Pictures with short captions:
____

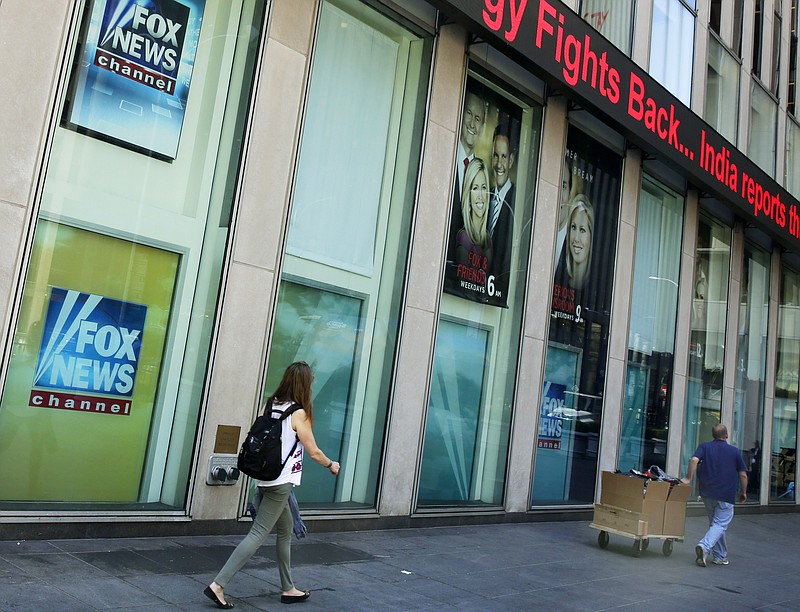 
              FILE- In this Aug. 1, 2017, file photo, people pass the News Corporation headquarters building and Fox News studios in New York. A Fox News Channel anchor whose reaction to President Donald Trump's comments on Charlottesville spread widely says she feels threatened but not deterred after a flood of angry responses from viewers to her words. Kat Timpf, of the Fox show "The Specialists," said Wednesday, Aug. 16, that she's blocked part of her Twitter feed and stopped looking at emails. A day earlier, Timpf called Trump’s news conference disgusting and said "I have too much eye makeup on to cry right now."(AP Photo/Richard Drew, File)
            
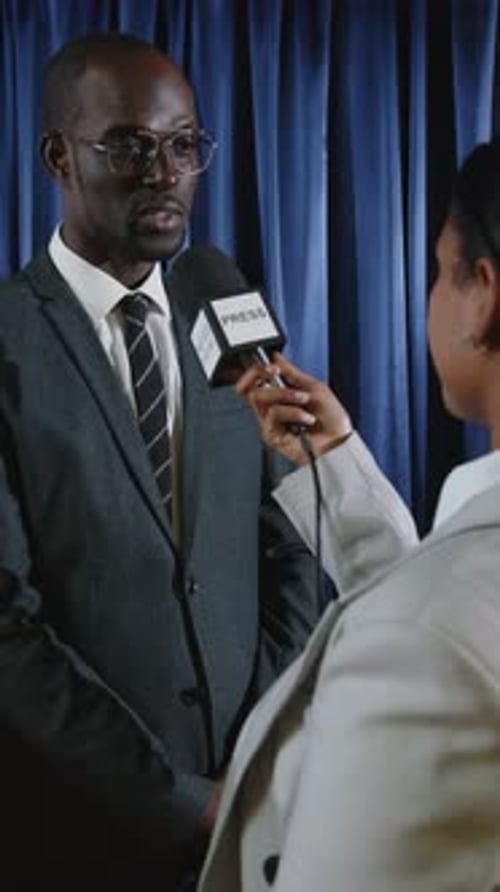 Man in Suit Answers Questions at Press Interview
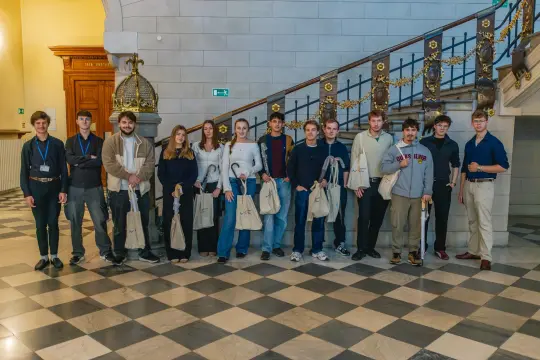 Grupa młodych ludzi stoi na schodach, trzymając torby.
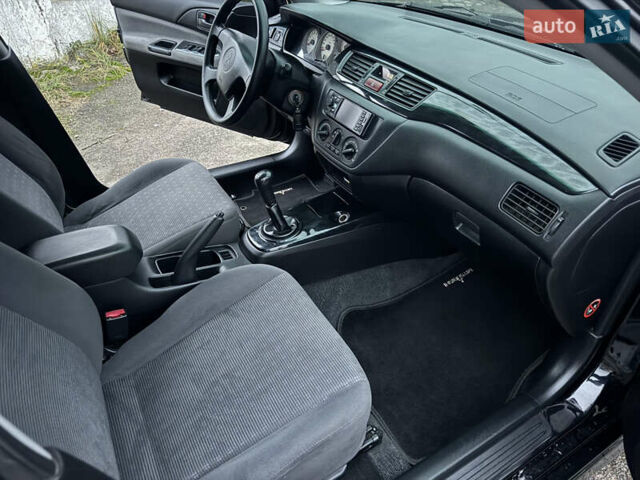 Черный Мицубиси Лансер, объемом двигателя 1.58 л и пробегом 154 тыс. км за 5500 $, фото 35 на Automoto.ua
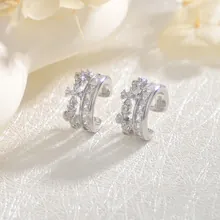 Close-up of double-layered silver ear cuffs with sparkling zirconia and crown design
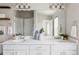 Bright bathroom featuring a double sink vanity, a large mirror, modern lighting, and a glass-enclosed shower at 9490 W 14Th Ave # 3, Lakewood, CO 80215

____

§ **TASK STATEMENT**
Starting with the line that contains "Черный Мицубиси Лансер, объемом", print every remaining line of the records above, exactly as it stands. Do not print the pictures.

§ **ANSWER TO THE PROBLEM**
 Черный Мицубиси Лансер, объемом двигателя 1.58 л и пробегом 154 тыс. км за 5500 $, фото 35 на Automoto.ua
 Close-up of double-layered silver ear cuffs with sparkling zirconia and crown design
 Bright bathroom featuring a double sink vanity, a large mirror, modern lighting, and a glass-enclosed shower at 9490 W 14Th Ave # 3, Lakewood, CO 80215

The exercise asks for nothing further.